[The records]
◇ ◇ ◇ ◇ ◇ ◇ ◇
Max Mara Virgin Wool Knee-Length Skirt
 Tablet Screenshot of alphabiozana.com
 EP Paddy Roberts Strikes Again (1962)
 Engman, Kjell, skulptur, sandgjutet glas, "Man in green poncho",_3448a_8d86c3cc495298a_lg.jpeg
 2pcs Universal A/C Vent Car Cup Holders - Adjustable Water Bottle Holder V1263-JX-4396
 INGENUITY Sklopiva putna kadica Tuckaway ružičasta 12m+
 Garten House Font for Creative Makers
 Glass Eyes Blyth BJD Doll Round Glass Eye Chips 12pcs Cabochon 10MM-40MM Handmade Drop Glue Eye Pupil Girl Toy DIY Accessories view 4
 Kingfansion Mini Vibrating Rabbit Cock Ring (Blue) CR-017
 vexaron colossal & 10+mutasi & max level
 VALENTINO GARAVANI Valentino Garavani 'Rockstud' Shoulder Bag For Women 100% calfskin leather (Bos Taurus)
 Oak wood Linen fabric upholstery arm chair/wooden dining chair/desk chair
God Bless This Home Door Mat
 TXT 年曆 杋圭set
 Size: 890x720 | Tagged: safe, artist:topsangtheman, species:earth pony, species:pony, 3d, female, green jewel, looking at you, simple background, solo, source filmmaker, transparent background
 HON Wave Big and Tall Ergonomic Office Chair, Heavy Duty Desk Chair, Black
◇ ◇ ◇ ◇ ◇ ◇ ◇
[Description of the task] Using the entries above, repeat only the lines from the one containing "Garten House Font for Creative Makers" through the one containing "VALENTINO GARAVANI Valentino", end lines included.

[Task response]
 Garten House Font for Creative Makers
 Glass Eyes Blyth BJD Doll Round Glass Eye Chips 12pcs Cabochon 10MM-40MM Handmade Drop Glue Eye Pupil Girl Toy DIY Accessories view 4
 Kingfansion Mini Vibrating Rabbit Cock Ring (Blue) CR-017
 vexaron colossal & 10+mutasi & max level
 VALENTINO GARAVANI Valentino Garavani 'Rockstud' Shoulder Bag For Women 100% calfskin leather (Bos Taurus)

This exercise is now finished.